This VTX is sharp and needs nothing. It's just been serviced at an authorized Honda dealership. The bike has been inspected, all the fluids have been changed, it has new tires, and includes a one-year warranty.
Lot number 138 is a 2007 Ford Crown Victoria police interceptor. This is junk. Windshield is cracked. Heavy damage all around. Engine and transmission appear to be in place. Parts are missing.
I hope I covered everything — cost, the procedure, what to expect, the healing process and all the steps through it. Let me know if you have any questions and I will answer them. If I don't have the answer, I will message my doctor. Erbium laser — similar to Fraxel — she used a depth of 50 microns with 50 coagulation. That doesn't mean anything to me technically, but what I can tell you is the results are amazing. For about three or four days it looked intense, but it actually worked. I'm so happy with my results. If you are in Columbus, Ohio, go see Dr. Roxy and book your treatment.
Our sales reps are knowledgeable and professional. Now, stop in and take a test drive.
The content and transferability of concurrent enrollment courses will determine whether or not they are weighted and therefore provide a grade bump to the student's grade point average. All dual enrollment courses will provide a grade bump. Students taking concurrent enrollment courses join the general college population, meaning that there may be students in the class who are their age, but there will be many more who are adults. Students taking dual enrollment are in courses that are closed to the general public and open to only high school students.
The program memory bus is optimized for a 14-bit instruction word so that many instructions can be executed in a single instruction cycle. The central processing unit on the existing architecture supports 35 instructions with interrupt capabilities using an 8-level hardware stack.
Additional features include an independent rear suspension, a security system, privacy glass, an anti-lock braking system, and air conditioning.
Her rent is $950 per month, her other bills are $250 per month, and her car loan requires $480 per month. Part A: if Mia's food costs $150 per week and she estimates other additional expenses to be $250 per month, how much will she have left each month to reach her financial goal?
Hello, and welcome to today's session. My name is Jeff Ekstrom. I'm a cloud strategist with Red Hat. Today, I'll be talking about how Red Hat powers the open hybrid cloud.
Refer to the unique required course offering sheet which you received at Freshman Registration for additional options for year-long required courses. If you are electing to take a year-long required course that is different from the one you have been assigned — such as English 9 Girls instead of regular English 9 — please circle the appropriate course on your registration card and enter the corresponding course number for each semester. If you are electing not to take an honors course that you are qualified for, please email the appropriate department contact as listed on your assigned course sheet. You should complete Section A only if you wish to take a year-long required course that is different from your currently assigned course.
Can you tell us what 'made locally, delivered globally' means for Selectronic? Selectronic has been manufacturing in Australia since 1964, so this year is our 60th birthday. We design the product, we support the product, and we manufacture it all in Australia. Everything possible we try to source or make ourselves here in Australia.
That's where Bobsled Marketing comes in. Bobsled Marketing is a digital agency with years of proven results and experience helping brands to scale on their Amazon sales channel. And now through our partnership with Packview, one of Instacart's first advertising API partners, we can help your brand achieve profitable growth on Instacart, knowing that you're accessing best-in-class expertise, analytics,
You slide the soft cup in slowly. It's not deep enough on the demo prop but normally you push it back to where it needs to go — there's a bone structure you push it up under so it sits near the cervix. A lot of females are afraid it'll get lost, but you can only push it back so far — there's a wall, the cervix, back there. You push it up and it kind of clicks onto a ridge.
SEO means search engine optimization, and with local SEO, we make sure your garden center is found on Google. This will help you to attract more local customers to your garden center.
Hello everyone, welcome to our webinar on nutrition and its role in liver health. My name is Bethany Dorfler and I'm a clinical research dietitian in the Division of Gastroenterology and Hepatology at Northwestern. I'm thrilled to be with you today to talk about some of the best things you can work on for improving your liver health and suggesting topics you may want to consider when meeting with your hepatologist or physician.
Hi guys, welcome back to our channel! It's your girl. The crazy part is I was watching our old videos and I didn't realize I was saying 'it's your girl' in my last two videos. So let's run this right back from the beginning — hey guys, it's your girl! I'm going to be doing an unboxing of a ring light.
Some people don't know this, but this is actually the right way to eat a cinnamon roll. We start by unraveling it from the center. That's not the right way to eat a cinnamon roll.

### Required work
Quote exactly the first line of the data and every line after it through the one holding "Our sales reps".

### Output for this exercise
This VTX is sharp and needs nothing. It's just been serviced at an authorized Honda dealership. The bike has been inspected, all the fluids have been changed, it has new tires, and includes a one-year warranty.
Lot number 138 is a 2007 Ford Crown Victoria police interceptor. This is junk. Windshield is cracked. Heavy damage all around. Engine and transmission appear to be in place. Parts are missing.
I hope I covered everything — cost, the procedure, what to expect, the healing process and all the steps through it. Let me know if you have any questions and I will answer them. If I don't have the answer, I will message my doctor. Erbium laser — similar to Fraxel — she used a depth of 50 microns with 50 coagulation. That doesn't mean anything to me technically, but what I can tell you is the results are amazing. For about three or four days it looked intense, but it actually worked. I'm so happy with my results. If you are in Columbus, Ohio, go see Dr. Roxy and book your treatment.
Our sales reps are knowledgeable and professional. Now, stop in and take a test drive.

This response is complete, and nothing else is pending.